Bahasa Indonesia mengalami degradasi cukup jauh, kedatangan entertaiment gaul seperti bahasa alay, K-Pop, hotspot dan film baru-baru ini nampaknya menarik simpati semua kalangan. Bagus jika digunakan sewajarnya dalam arti dimana tempat dan waktu yang sesuai sikon. Kurang apik jika kita gunakan setiap hari. Bahasa Indonesia dengan Ejaan Yang disempurnakan sejak tahun 1970-an, dilakukan sebagai wujud filter bahasa serapan, penggunaan bahasa serapan pun dalam penulisannya dibuat miring. Karena bahasa memili arti penting dalam komunikasi dua arah yang pada awalnya hanya berupa gramatika kemudian dikembangkan dalam berbagai kajian linguistik, hermeneutika, semiotika, sosiologi dan psikologi.
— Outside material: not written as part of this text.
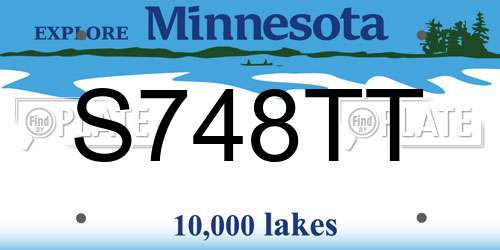 S748TT Minnesota License Plate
Bahasa sebagai alat budaya dan alat pikir membutuhkan banyak kosakata yang memadai. Dengan kosakata ini, bahasa mampu untuk memerjemahkan fakta, fenomena, realita dan sebagai sarana untuk menyelesaikan suatu permasalahan “because languange is primaly a social mechanism, languange are learned a social context” tutur Maria Polsky, pakar linguistik dan Humaniora di Univ. Lomonosov. Maka, pada akhirnya kesantunan bahasa sangat penting mewujudkan manusia berprikemanusian yang adil dan beradab, sebagaimana falsafah kehidupan rakyat Indonesia, Pancasila.